There is a dance that occurs between time and memory, one that can re-shape an event leaving it with added romance, extra drama, further tragedy. Who wants to remember an ordinary day when you can add spice? Which is not to say that it’s a lie, let’s call it, ‘time’s embellishment’. Surely, as long as it is not something controversial that is being is being pulled up from the past, the accuracy of the detail doesn’t matter if the story is good. A bit like buying a well-cut but plain dress: add ribbon and lace, a few tucks, some satin stitch embroidery on the cuff, sew a few pearls onto the neckline, fix a sparkly brooch to the shoulder…. there, that’s better.
So influenced have I been by the power of story and memory that I’ve sometimes re-fashioned details, even gone so far as to write myself into events that pre-date my birth! For thirty-five years I have held onto, and oft repeated, a solid memory of being refused a new swimsuit one summer and made to swim in my gymnastics leotard. I could even remember my mother’s words: ‘It will do fine as a swimsuit, cover you up and save on sun cream.’ Ah! How that carpet of memory was briskly pulled from beneath my feet when, hiding in the same pile of black and white photographs, I found a something to invalidate my version of history. August 1982, Portrush harbour: four cold, wet and smiling children, perched on the diving boards, having just clambered from the sea. There I am, biting my bottom lip in glee, wearing my candy-striped swimsuit (how I loved it!), big sister by my right shoulder, smiling shyly. Our best friends B. and S. are in the photo too, and what do you suppose they are wearing, only leotards.
The whole thing makes me wonder, did Miranda remember that inn in the same way as he described it? Did you, Miranda?
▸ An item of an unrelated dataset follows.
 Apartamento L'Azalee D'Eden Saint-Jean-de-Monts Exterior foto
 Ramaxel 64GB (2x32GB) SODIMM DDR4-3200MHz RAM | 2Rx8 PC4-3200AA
Tarantella, Hilaire Belloc
Do you remember an Inn,
Miranda?
Do you remember an Inn?
And the tedding and the spreading
Of the straw for a bedding,
And the fleas that tease in the High Pyrenees,
And the wine that tasted of tar?
And the cheers and the jeers of the young muleteers
(Under the vine of the dark verandah)?
Do you remember an Inn,
Miranda,
Do you remember an Inn?
And the cheers and the jeers of the young muleteeers
Who hadn’t got a penny,
And who weren’t paying any,
And the hammer at the doors and the Din?
And the Hip! Hop! Hap!
Of the clap
Of the hands to the twirl and the swirl
Of the girl gone chancing,
Glancing,
Dancing,
Backing and advancing,
Snapping of a clapper to the spin
Out and in –
And the Ting, Tong, Tang, of the Guitar.
Do you remember an Inn,
Miranda?
Do you remember an Inn?
Never more;
Miranda,
Never more.
Only the high peaks hoar:
And Aragon a torrent at the door.
No sound
In the walls of the Halls where falls
The tread
Of the feet of the dead to the ground
No sound:
But the boom
Of the far Waterfall like Doom.
A wise man once told me exactly that! That all our memories, and indeed our realities are socially constructed, therefore truth is subjective. Ontological positivism, said he, is the scourge of society. Now I know he let his daughters go swimming in leotards though. No subjective reality about that.